A violência neste filme é apresentada por um grupo de mulheres que há superfície parecem pessoas normais (pacatas e aparentemente educadas) mas rapidamente apercebemos que têm uma tonelada de problemas mal resolvidos. O enredo retrata Emily (Stefanie Estes), uma educadora de infância que está a lidar com o seu momento de convulsão após um teste de gravidez. Numa tarde, vamos acompanhá-la na forma como manipula uma criança à saída da escola para ser o seu instrumento de discriminação contra uma empregada latina de limpeza. Segue-se uma reunião com as suas amigas – o momento drop the mic – o seu clube é intitulado “filhas da união ariana” que se reúnem numa Igreja. Mais tarde, o Padre vai ser a figura que representa todos aqueles que fazem frente a este discurso de ódio. Apercebemos que apesar da capa de Sra. Professora há uma aura de instabilidade e violência verbal de Emily. As frustrações do grupo debitam um discurso em que todo o mal do mundo são “as pessoas castanhas”, “os negros”, “os asiáticos” ou “os judeus que são donos dos bancos e da imprensa”. Essencialmente quem não é branco é o bode expiatório que corrompe as malhas da sociedade e da família tradicional.

É preciso ter um golpe de rins para «Suaves e Perigosas» mas o esforço é recompensado com uma história vertiginosa a partir do argumento de Beth de Araújo.
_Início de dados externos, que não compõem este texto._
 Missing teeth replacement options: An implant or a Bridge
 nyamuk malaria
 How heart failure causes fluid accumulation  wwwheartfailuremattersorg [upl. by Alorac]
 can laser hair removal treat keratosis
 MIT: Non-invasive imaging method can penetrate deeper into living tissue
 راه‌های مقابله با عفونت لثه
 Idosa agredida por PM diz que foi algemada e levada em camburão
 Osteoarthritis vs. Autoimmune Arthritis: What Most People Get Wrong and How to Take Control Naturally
A nível de desempenhos, a interpretação de Stefanie Estes está carregada de nuances no papel da desconcertante Emily através da representação da raiva silenciosa, as ideias alucinadas e a histeria. As restantes actrizes também deixam a sua marca na representação carregada de realismo. É um filme chocante e com uma tremenda carga emocional, do primeiro ao último minuto viajamos a mil. A história assume outros contornos quando a loucura de Emily e as suas amigas se cruzam com duas adolescentes que cometem o erro de enfrentar o ódio tresloucado, a partir desse momento é uma viagem ao inferno com um inesperado twist.

É um olhar que gostaríamos de afirmar que é só uma visão em jeito de provocação, mas infelizmente é uma realidade que muitos sentem na pele. A realizadora tem a esperança que os espectadores que tenham sentimentos de ódio possam compreender que talvez seja melhor olhar para dentro (e pedir ajuda) antes de começarem a disparar em todos os sentidos…

«Suaves e Perigosas» é um caso sério de talento cinematográfico de Beth Araújo através de um cinema como forma de diálogo com o mundo ao mesmo tempo que nos emociona e deslumbra.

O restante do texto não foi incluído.